▼
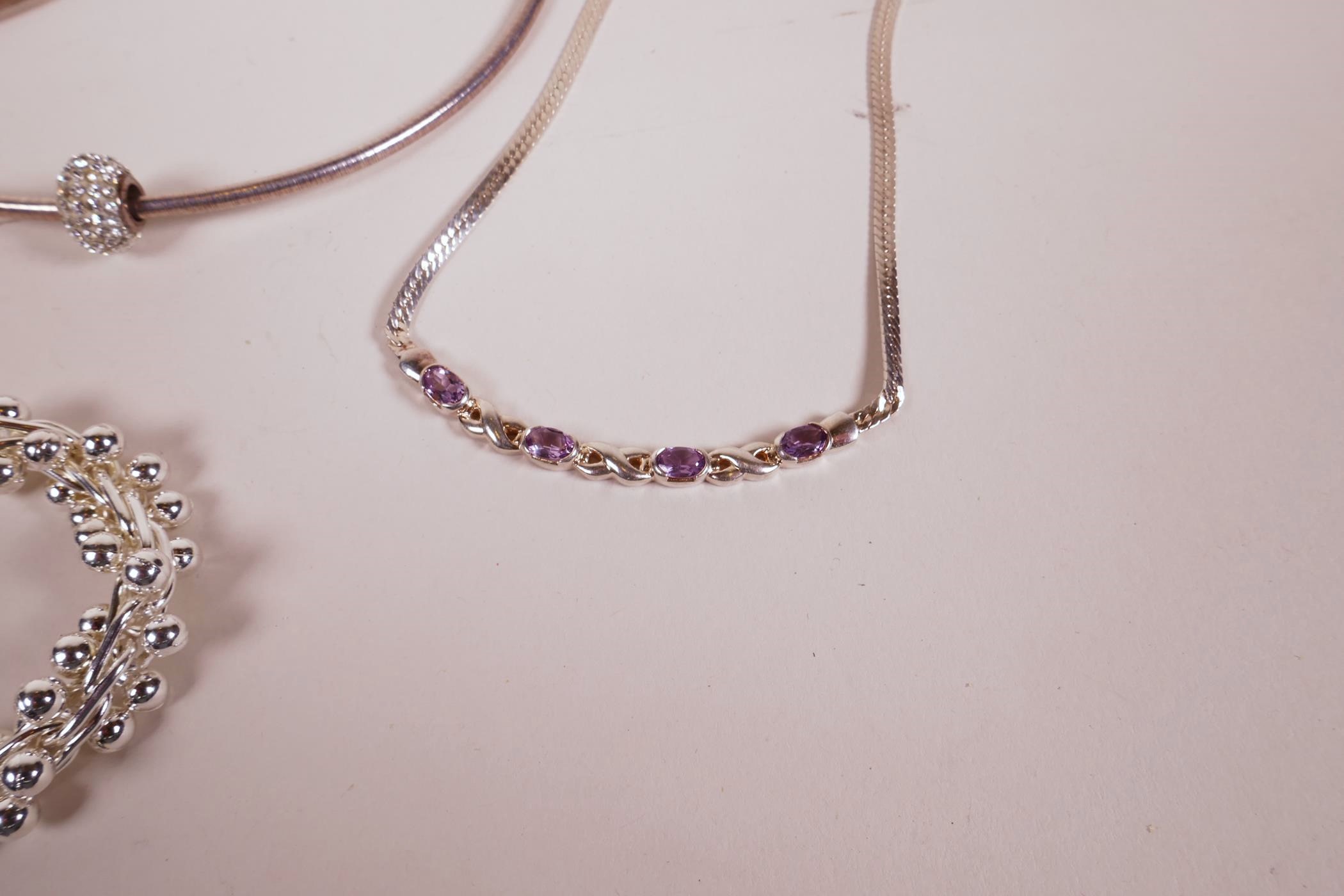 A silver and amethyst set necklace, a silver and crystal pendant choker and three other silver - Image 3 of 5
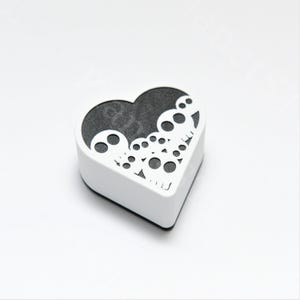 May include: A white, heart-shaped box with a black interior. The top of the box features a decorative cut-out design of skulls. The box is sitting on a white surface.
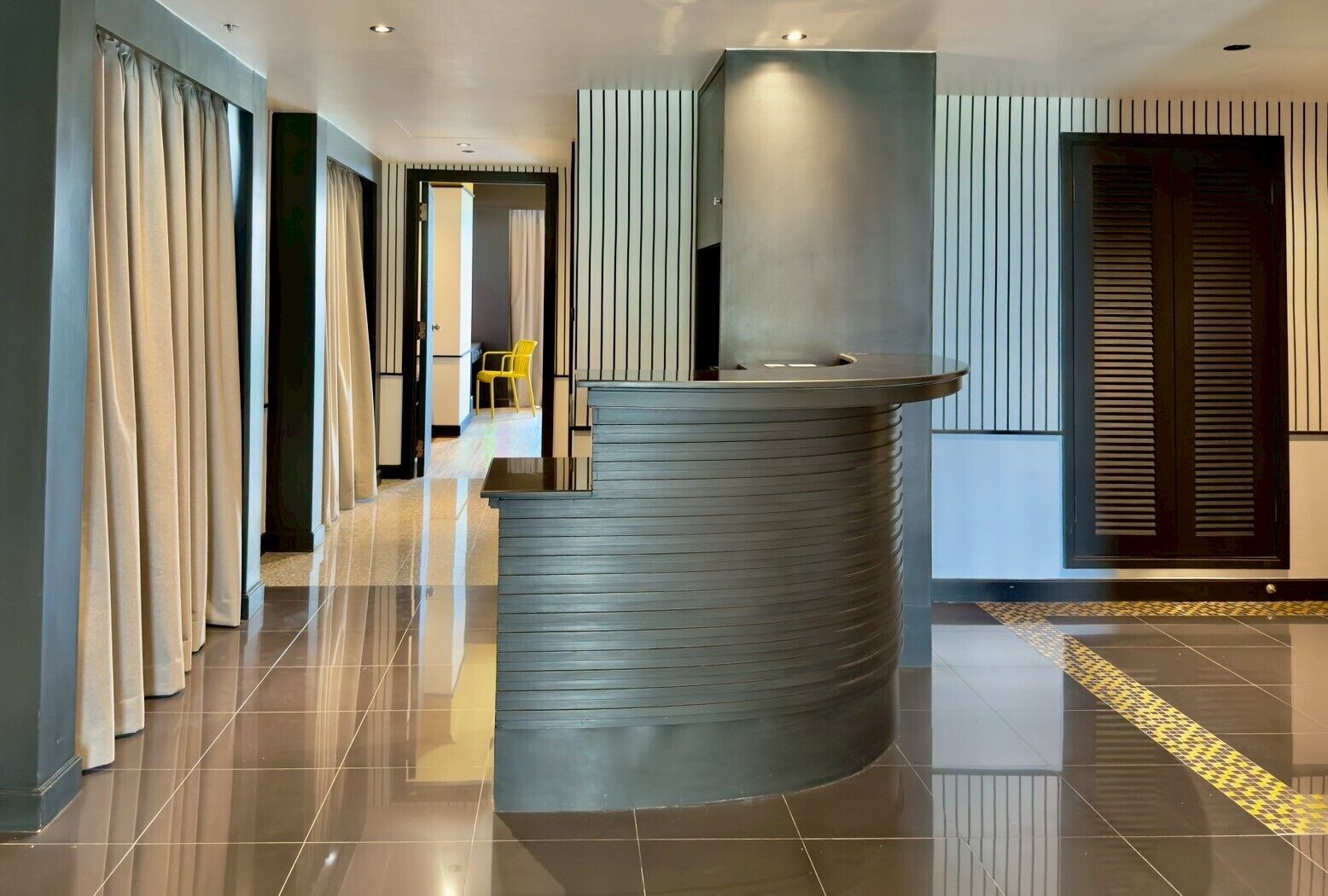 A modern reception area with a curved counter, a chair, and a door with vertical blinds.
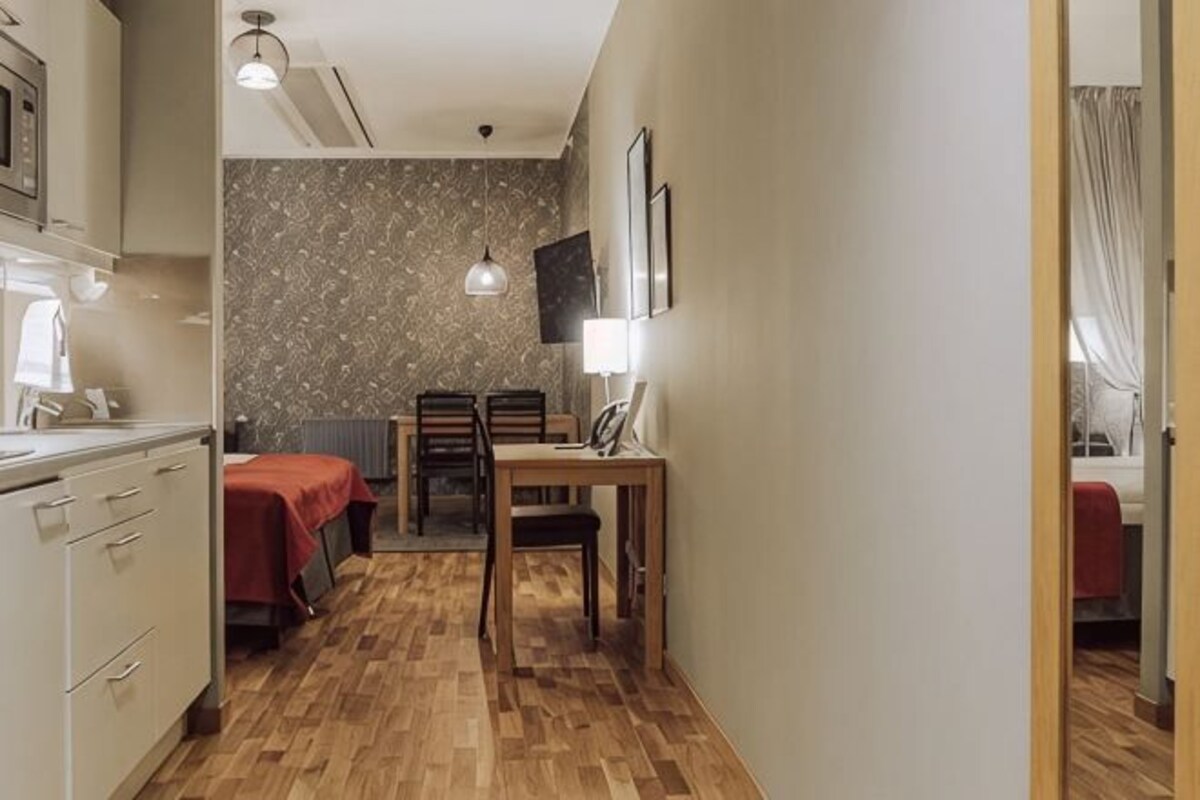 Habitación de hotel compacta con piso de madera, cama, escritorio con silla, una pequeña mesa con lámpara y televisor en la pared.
▲
**ASSIGNED TASK**
Pictures are to be left out; repeat all the remaining data exactly.

**TASK RESPONSE**
 A silver and amethyst set necklace, a silver and crystal pendant choker and three other silver - Image 3 of 5
 May include: A white, heart-shaped box with a black interior. The top of the box features a decorative cut-out design of skulls. The box is sitting on a white surface.
 A modern reception area with a curved counter, a chair, and a door with vertical blinds.
 Habitación de hotel compacta con piso de madera, cama, escritorio con silla, una pequeña mesa con lámpara y televisor en la pared.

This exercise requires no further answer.